2. Jumlah Partai Politik yang terlalu banyak dan ukuran kertas yang terlalu besar

Kita semua mengetahui bahwa jumlah partai politik peserta PEMILU 2009 ini adalah 44 partai. Menurut saya, jumlah ini tidaklah efisien dan membuat bingung rakyat sebagai pemilih, apalagi pemilih pemula (baca:pelajar SMA yang baru pertama kali menggunakan hak pilihnya). Hal tersebut juga berpengaruh pada ukuran kertas suara yang sangat besar sehingga membuat petugas dan pemilih bingung dalam melipatnya.

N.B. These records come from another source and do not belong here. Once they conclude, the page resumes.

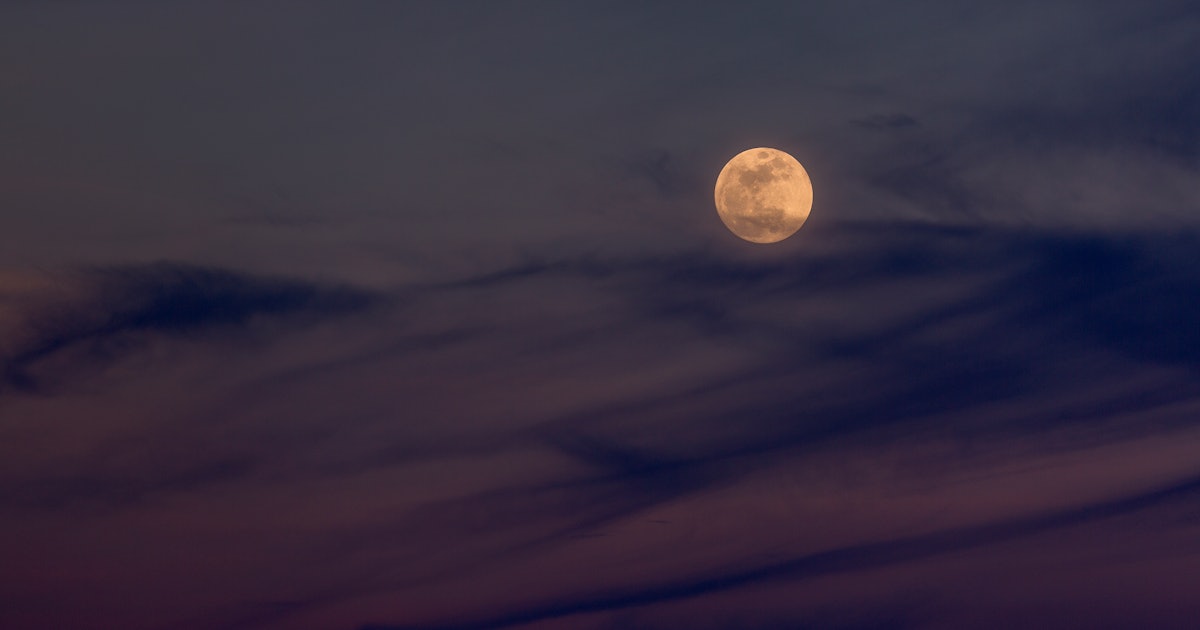 Last Quarter Moon Horoscope & Astrology Forecast For Today, 6/6/2018 For Each Zodiac Sign Last Quarter Moon Horoscope & Astrology Forecast For Today, 6/6/2018 For Each Zodiac Sign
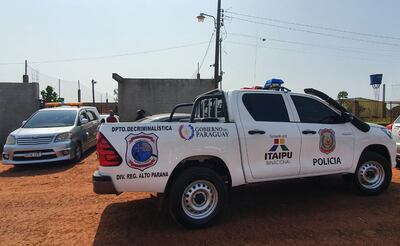 Patrullera del Departamento de Criminalística frente a la vivienda donde ocurrió el crimen.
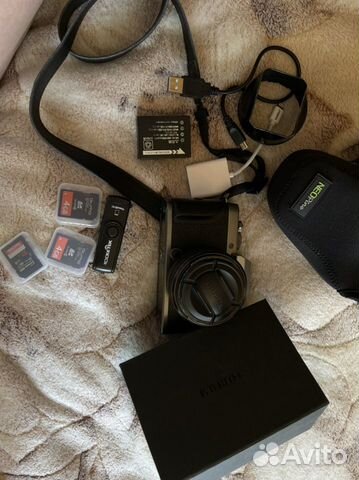 Продаю fujifilm x-t100 с объективом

Tidaklah baik jika saya hanya mengkritik saja, setidaknya saya juga harus membantu dengan memberikan saran sebagai alternatif solusi. Saran saya sebagai berikut:

1. KPU memperbarui data pemilih tiap 1-2 tahun sekali.

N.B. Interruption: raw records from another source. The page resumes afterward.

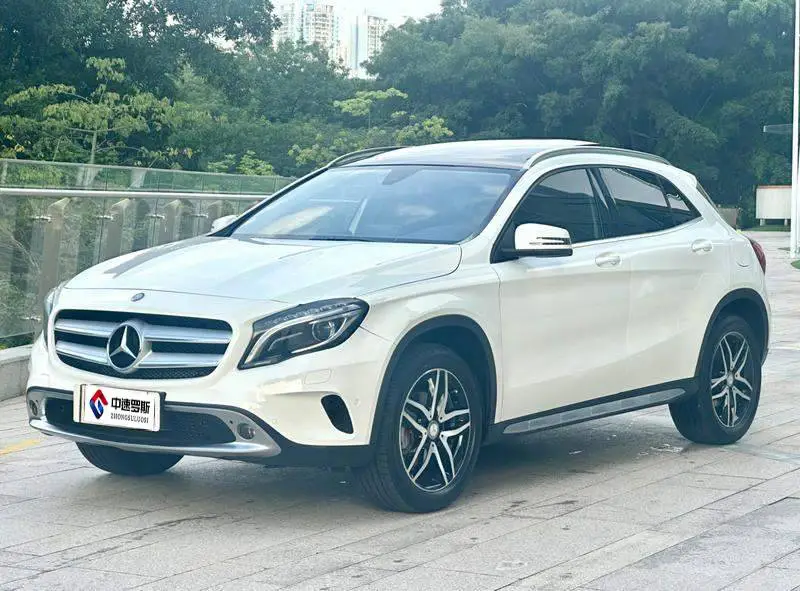 Mercedes-Benz GLA 2016 GLA 220 4MATIC Fashion Edition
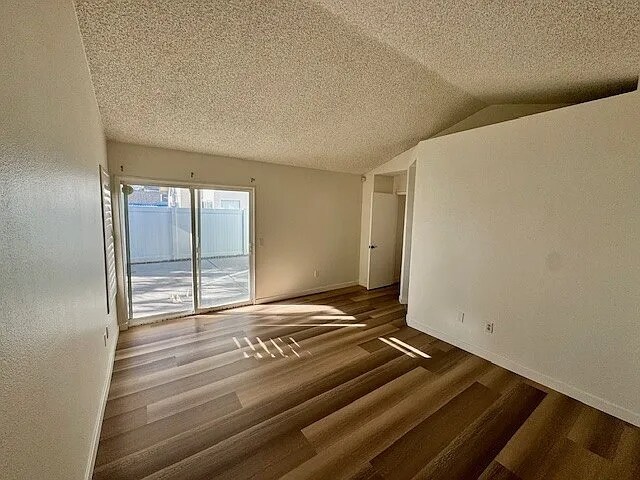 Building Photo - 3238 Canary Ct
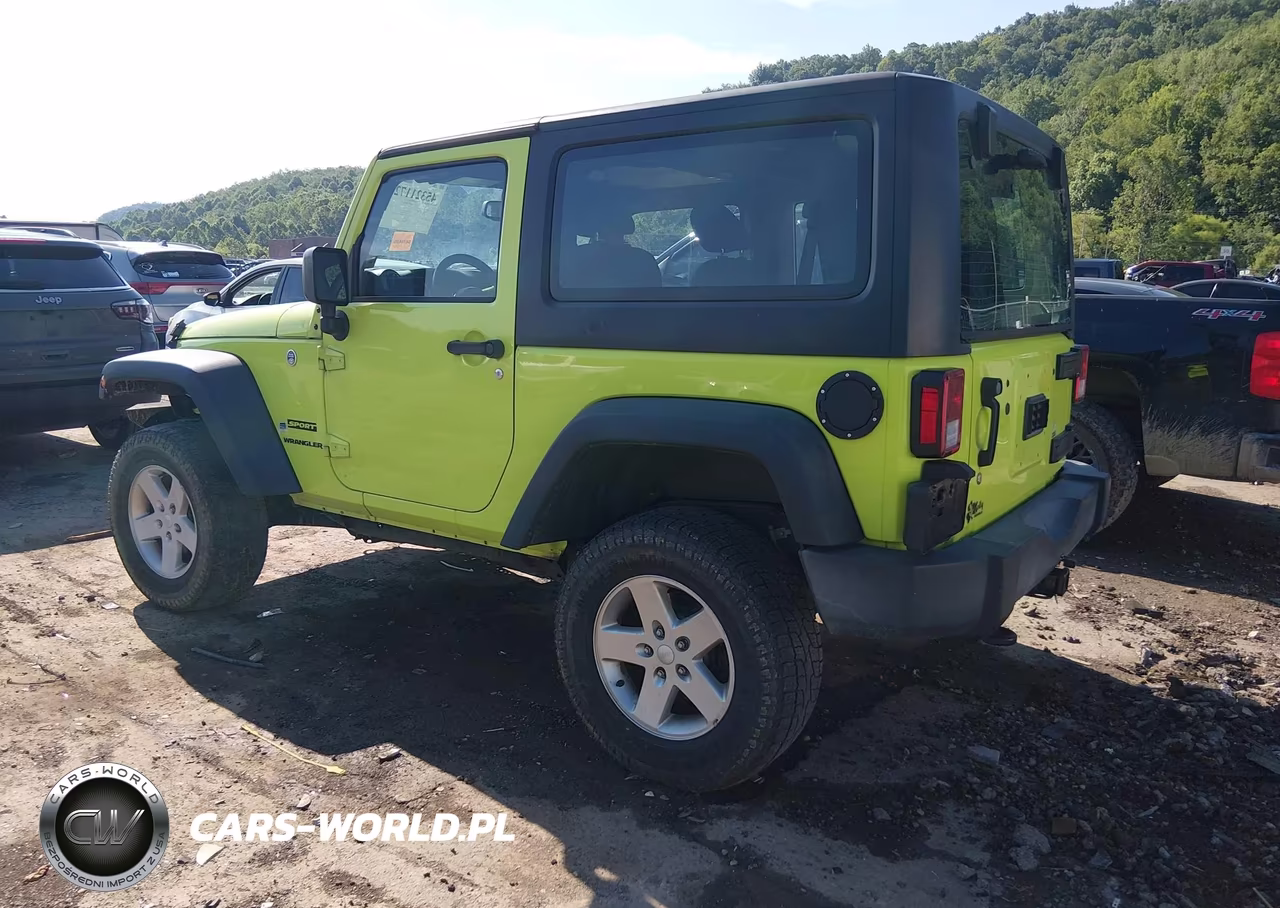 2016 Jeep Wrangler Sport VIN:1C4AJWAG7GL318240 - 3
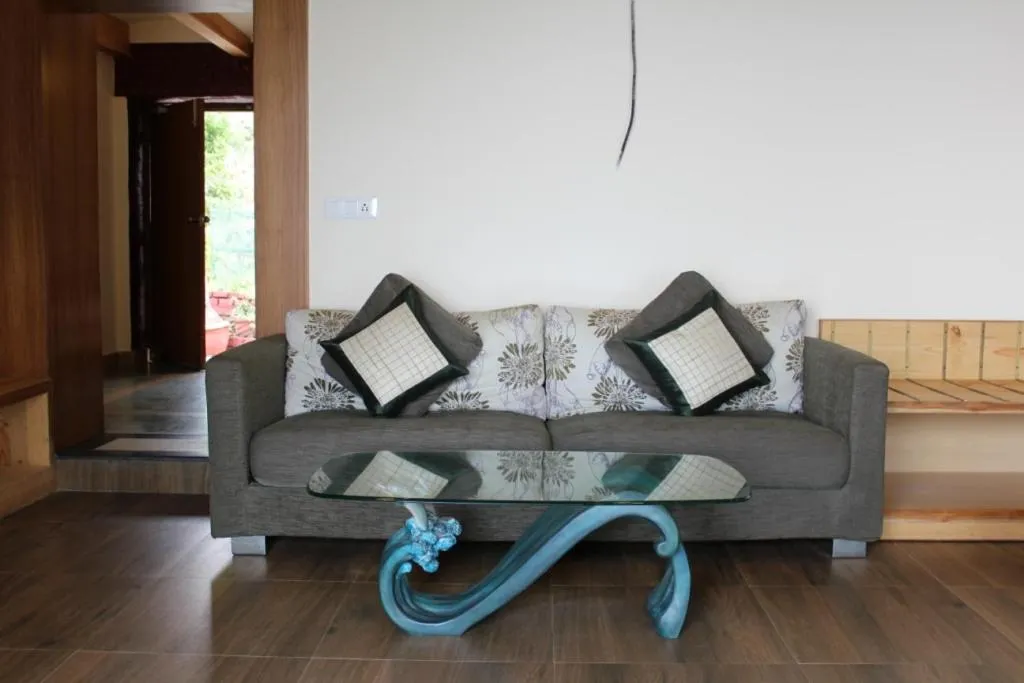 Decorative detail in Jharipani Castle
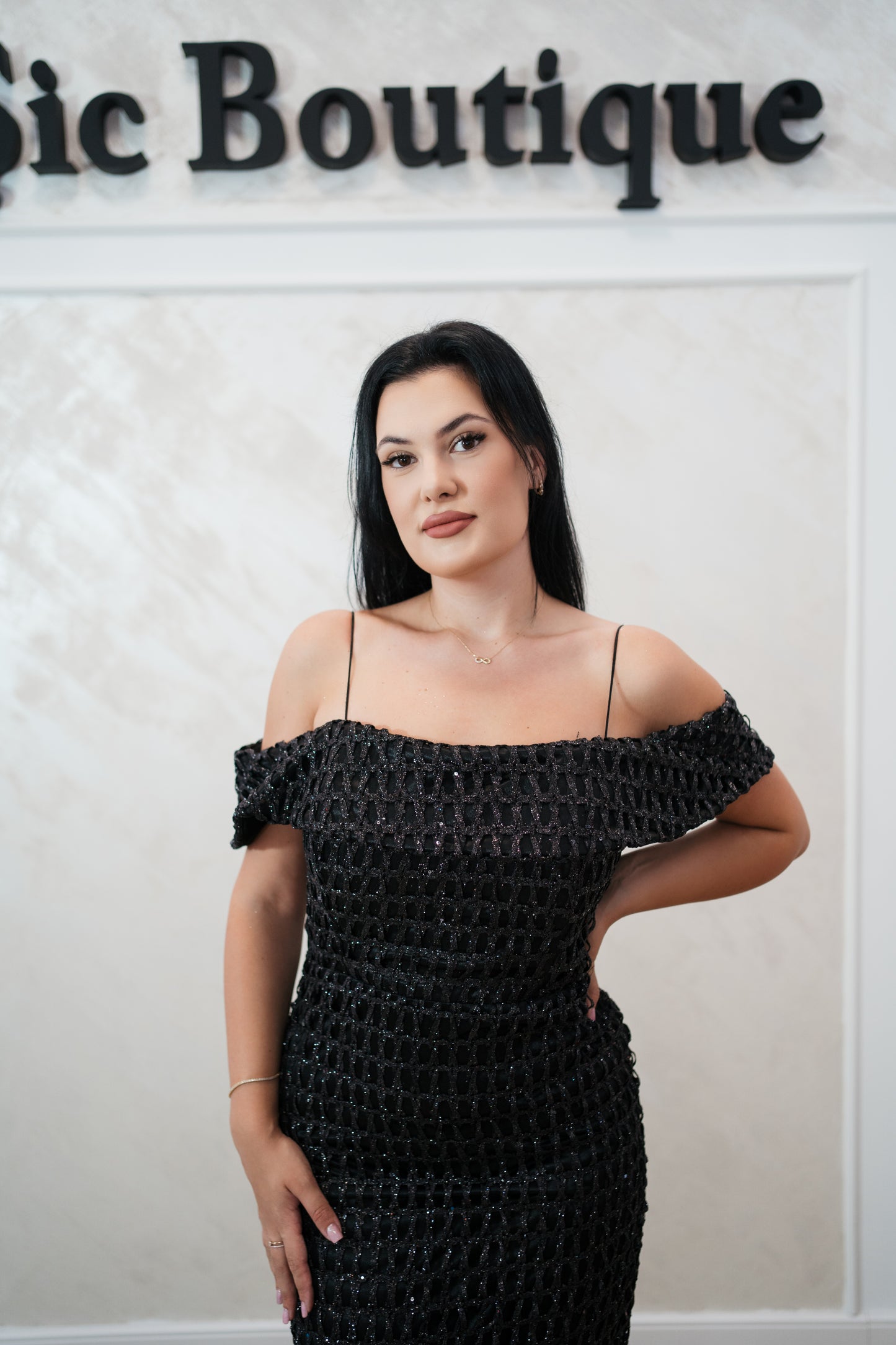 Rochia Ely – Rochie Midi Eleganta din Material Sclipitor cu Plasa în Carouri Mari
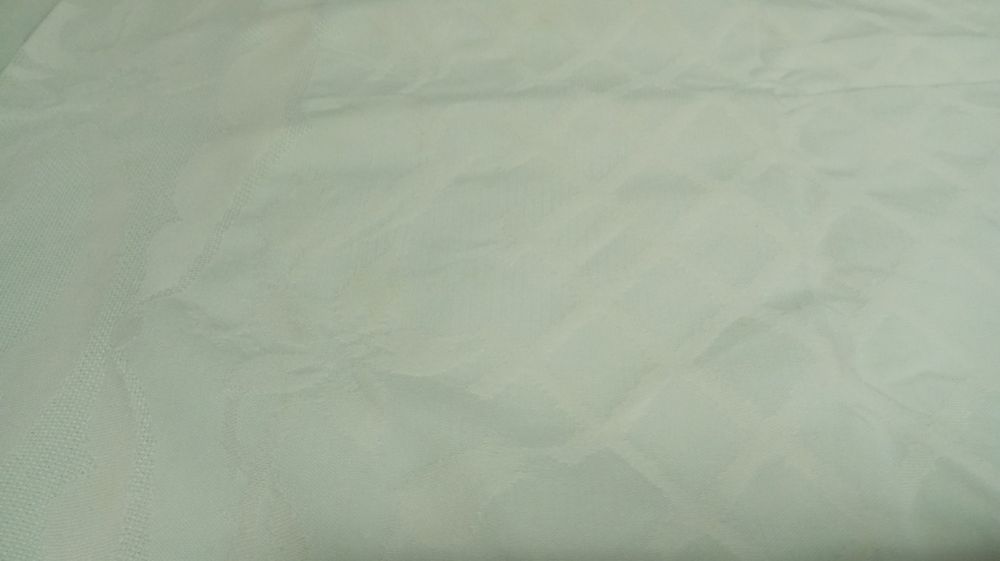 Toalha de linho lavrada com 6 guardanapos 2.20 MTS por 2.40 mts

Hal ini dapat dilakukan oleh KPU bekerjasama dengan Badan Pusat Statisktik (BPS). Langkah ini pernah dilakukan oleh BPS dan KPU sebelum pelaksanaan PEMILU tahun 2004 dan terbukti efektif, data yang diperoleh valid dan sesuai dengan kondisi di lapangan. Mungkin, KPU dapat segera melakukannya untuk PEMILU Presiden dan Wakil presiden agar tidak terjadi pemilih dengan status ganda dan data di DPT sesuai dengan kenyataan di lapangan.

2. KPU sebaiknya menerapkan seleksi yang ketat terhadap partai politik peserta PEMILU.

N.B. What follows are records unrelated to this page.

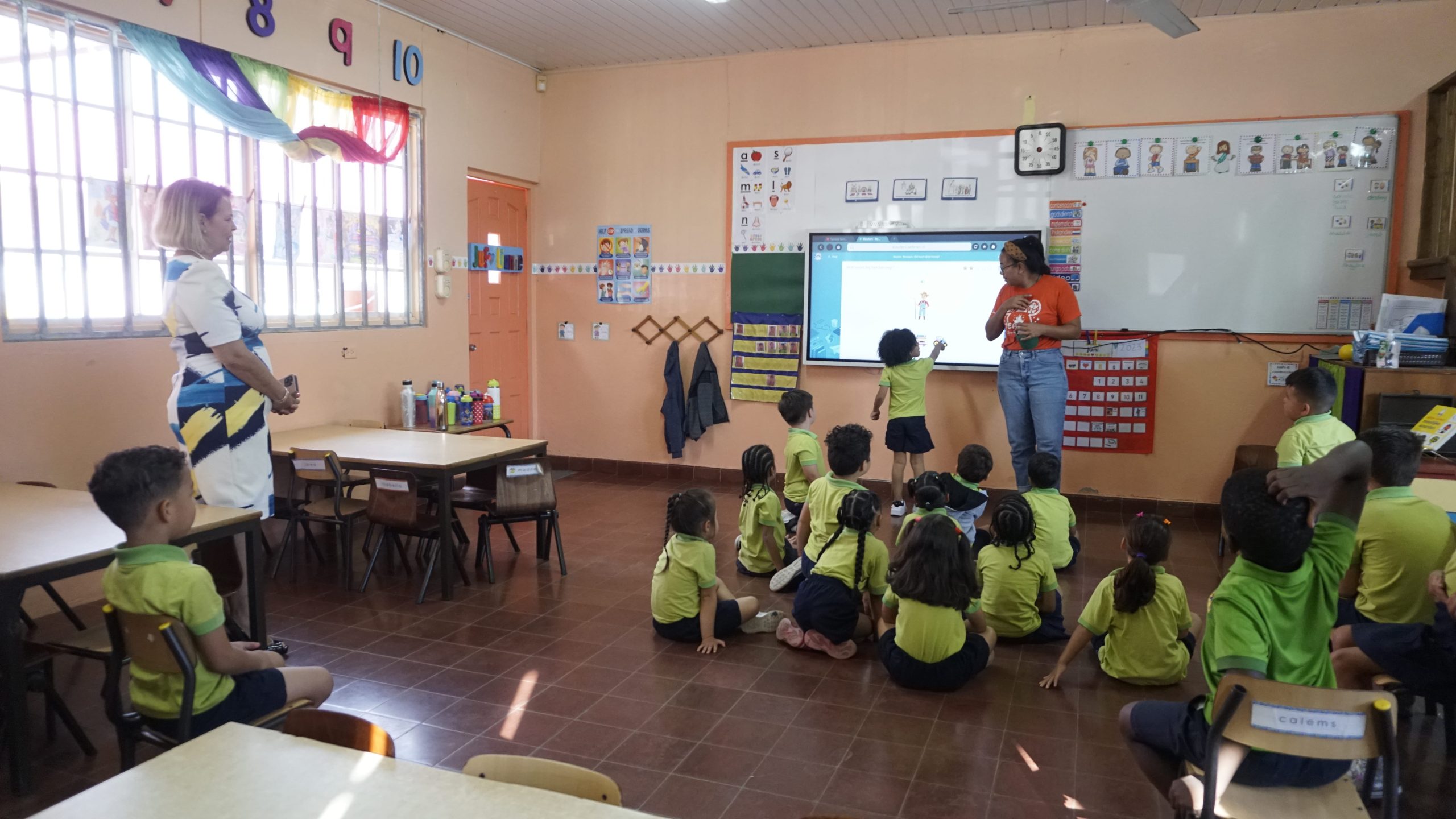 Prome Minister Ta Felicita Aurora Kleuterschool Como Un Di E Scolnan Ganador Di E Campaña Di Edutech 161 Mp Aurora Edutech 6 Scaled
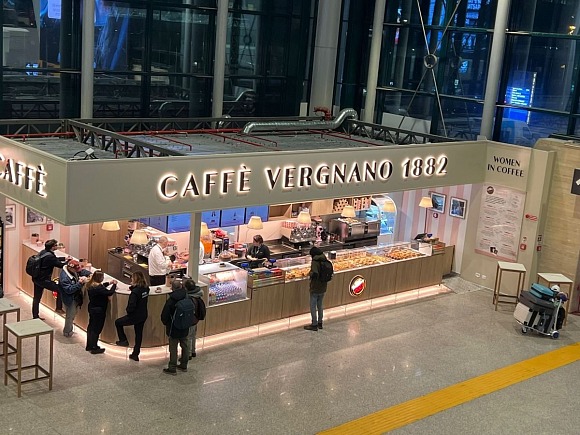 Il punto vendita di Caffè Vergnano all'Aeroporto di Fiumicino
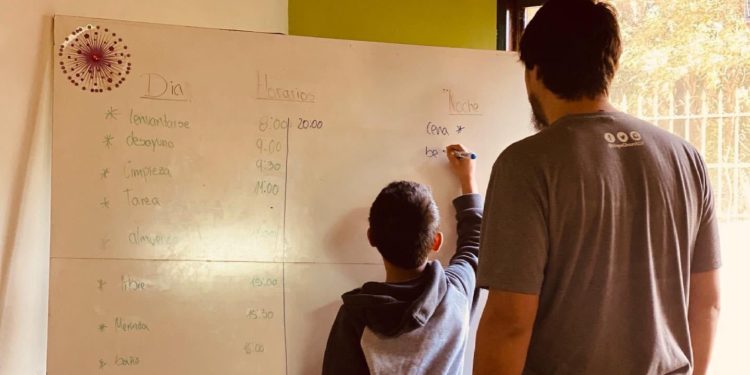 Hogar brinda protección a niños con VIH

Jika kita perhatikan jumlah partai politik peserta PEMILU 2009 sangatlah banyak. Saran saya, sebaiknya KPU menyeleksi partai-partai yang benar-benar memenuhi syarat yang ditetapkan oleh KPU. KPU dapat juga membuat syarat tambahan yang benar-benar selektif sehingga jumlah partai lebih sedikit dan efisien. Kertas suara yang dipakai juga lebih hemat dan tidak membuat pemilih bingung.

Demikianlah yang dapat saya paparkan dalam paper laporan pengamatan PEMILU 2009 ini. Saya mempunyai sebuah harapan, melalui PEMILU 2009 kehidupan berdemokrasi di Indonesia menjadi lebih baik dan kesejahteraan rakyat semakin meningkat, birokrat-birokrat pemerintahan yang terpilih benar-benar mengutamakan aspirasi dan kepentingan rakyat serta kehidupan ekonomi semakin mengarah pada arah yang lebih baik. Seperti yang dikatakan group band Cokelat, 5 menit dalam bilik suara untuk 5 tahun yang lebih baik



Referensi

- Budiman, Arief.1997.Teori Negara: Negara, Kekuasaan dan Ideologi.Jakarta:

PT. Gramedia Pustaka Utama.

- Magnis Suseno SJ, Franz.1997.Mencari Sosok Demokrasi: Sebuah Telaah Filosofi.Jakarta:

PT. Gramedia Pustaka Utama.

- Patrianti, Krisni Noor,dkk.2004.Pendidikan Kewarganegaraan untuk

Mahasiswa.Yogyakarta: Duta Wacana University Press.